Superhighway construction in London continues, but already part-built, disconnected cycletracks – even without being continuous or having most of the safer junction designs delivered – are seeing notable uses.
Millions of pounds spent, months of traffic disruption, continued delays costing the economy, but here comes Madge!! pic.twitter.com/csSPlEvFwv
— Dickie Dover (@DickieDover) February 26, 2016
This image delighted me. It’s a lovely clear day, and here is a woman on a mobility scooter taking advantage of the smoother road surface, with almost no obstructions and a subtly gentler gradient than the nearby pavement. Nobody’s had to tell her what to do – she’s worked out for herself that her vehicle will work best on the cycletrack. Environments should be intuitive like this, for all users.
However, as the caption shows that is undoubtedly me looking at one image and imbuing it with my knowledge and my own views. Perhaps we almost have the perfect optical illusion here, an image whose interpretation shifts purely with the mind. If you’re convinced that cities must prioritise traffic flow then you imagine all the vehicles are stationary. If you’re a cycle campaigner who’s been amazed by the clearly liberating abilities cycletracks give to many users on mobility scooters and other vehicles in the Netherlands then maybe you see a little of that in London.
Isn’t the cycletrack empty? No! Madge is in it, making great use of it. For her, it’s actually easier to use the superhighway now than for people who cycle, she can roll onto the pavement legally and relatively easily. For those of us that cycle we are instead having to join and leave short sections open only in one direction before braving construction works. It actually means many of us are staying away from the Embankment route, and perhaps even questioning our sanity for using it as it was (I certainly do). But I can’t wait to share the superhighways with Madge and many others on mobility scooters, and more.
I’ve added Madge to the CycleStreets library of campaigning images, as with the right context I think it’s a great example of what the superhighways can bring to all of us provided we build them to a high standard. What’s particularly notable is that cyclestreets map includes comments about where people feel unsafe, and just a few metres away there is this comment from 2012 added via the London Cycle Campaign:
Cycling up the hill on Byward Street is the scariest place I’ve cycled in London. Huge construction lorries put their foot down to get up the hill and despite the cycle lane there’s not much room for error. Then to everyone’s surprise, on the corner past Great Tower Street, the cycle lane suddenly stops and I have seen many a cyclist (myself included) cling to the railings as a lorry makes full use of the road width.
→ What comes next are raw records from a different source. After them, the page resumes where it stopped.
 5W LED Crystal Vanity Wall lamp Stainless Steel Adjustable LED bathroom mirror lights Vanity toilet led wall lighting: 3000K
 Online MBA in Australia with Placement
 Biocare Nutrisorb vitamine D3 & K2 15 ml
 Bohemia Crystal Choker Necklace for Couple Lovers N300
Now perhaps if that doesn’t get across the need for a separate piece of safe cycletrack here, the following questions and videos might help.
How would you react to cycling onto a busy two lane road only to a find a painted, discontinuous lane to cycle in, whilst feeling immense pressure from the vehicles behind you? Would you swear? Would you stop?
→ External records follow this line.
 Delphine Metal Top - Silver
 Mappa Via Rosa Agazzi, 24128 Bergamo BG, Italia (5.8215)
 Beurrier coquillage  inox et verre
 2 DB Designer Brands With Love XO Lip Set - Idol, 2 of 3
Would you be patient behind every large vehicle which has huge blind spots and can’t see you without using extra mirrors?
Would you feel confident that the large vehicles wouldn’t just drive straight over you?
Late at night would you feel confident cycling as drivers race each other on an urban motorway?
Would you feel safe in a purely painted route that barely goes wider than your handlebars as trucks, cars and taxis go rushing by?
Whereas, with the reassuring and clear continuous facility of the separate kerbed two-way track, all kinds of users even beyond people using bikes are plausible, like Madge. Here’s a photo I took one evening, and it may even have Madge in it. There’s even some guy on a MonoWheel. This is progress. Yes, it’s disruptive, it changes London, but it’s a damn sight better than the nonsense of paint on such a busy road we had before.
The disruption for the new superhighways was always going to be greatest during construction, and as you can see in these old videos the road was rarely a free-flowing paradise before anyway. When this route is complete (summer 2016) the superhighway can and will be used by almost anyone. It’s not just for cyclists, it’s not about lycra, it’s not about personal bests. It’s for anyone who can take to two wheels – or perhaps three or four – provided they don’t go too fast. The majority of the street – one lane eastbound and two lanes westbound will remain available for motor traffic, but the change from just adapting one lane is considerable for everyone else.
Maybe it’s just Madge using this short, part-built facility today, but it’s me, my parents and my nephew when the route’s completed, and countless more. I can’t wait.